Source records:
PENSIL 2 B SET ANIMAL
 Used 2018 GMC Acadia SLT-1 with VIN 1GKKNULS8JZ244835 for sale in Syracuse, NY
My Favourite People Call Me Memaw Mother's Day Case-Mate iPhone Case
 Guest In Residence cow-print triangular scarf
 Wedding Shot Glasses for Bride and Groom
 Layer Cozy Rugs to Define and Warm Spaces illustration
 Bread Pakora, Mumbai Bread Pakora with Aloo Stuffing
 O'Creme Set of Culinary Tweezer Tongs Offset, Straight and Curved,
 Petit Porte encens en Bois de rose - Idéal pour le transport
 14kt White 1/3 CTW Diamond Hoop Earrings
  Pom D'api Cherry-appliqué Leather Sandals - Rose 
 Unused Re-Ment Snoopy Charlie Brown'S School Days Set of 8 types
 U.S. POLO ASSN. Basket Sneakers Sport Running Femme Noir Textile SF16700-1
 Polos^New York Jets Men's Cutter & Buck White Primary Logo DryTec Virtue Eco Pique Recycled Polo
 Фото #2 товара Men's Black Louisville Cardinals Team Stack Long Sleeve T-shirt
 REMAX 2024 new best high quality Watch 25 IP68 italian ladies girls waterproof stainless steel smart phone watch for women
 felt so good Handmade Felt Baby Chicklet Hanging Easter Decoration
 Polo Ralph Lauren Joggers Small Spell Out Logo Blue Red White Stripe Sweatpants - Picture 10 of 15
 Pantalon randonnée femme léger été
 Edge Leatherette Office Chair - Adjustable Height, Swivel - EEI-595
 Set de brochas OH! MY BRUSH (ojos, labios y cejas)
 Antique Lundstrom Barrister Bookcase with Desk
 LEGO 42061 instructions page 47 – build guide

### Your goal
An exact copy is needed of the lines from the one containing "Petit Porte encens" through the end of the records.

### Output
 Petit Porte encens en Bois de rose - Idéal pour le transport
 14kt White 1/3 CTW Diamond Hoop Earrings
  Pom D'api Cherry-appliqué Leather Sandals - Rose 
 Unused Re-Ment Snoopy Charlie Brown'S School Days Set of 8 types
 U.S. POLO ASSN. Basket Sneakers Sport Running Femme Noir Textile SF16700-1
 Polos^New York Jets Men's Cutter & Buck White Primary Logo DryTec Virtue Eco Pique Recycled Polo
 Фото #2 товара Men's Black Louisville Cardinals Team Stack Long Sleeve T-shirt
 REMAX 2024 new best high quality Watch 25 IP68 italian ladies girls waterproof stainless steel smart phone watch for women
 felt so good Handmade Felt Baby Chicklet Hanging Easter Decoration
 Polo Ralph Lauren Joggers Small Spell Out Logo Blue Red White Stripe Sweatpants - Picture 10 of 15
 Pantalon randonnée femme léger été
 Edge Leatherette Office Chair - Adjustable Height, Swivel - EEI-595
 Set de brochas OH! MY BRUSH (ojos, labios y cejas)
 Antique Lundstrom Barrister Bookcase with Desk
 LEGO 42061 instructions page 47 – build guide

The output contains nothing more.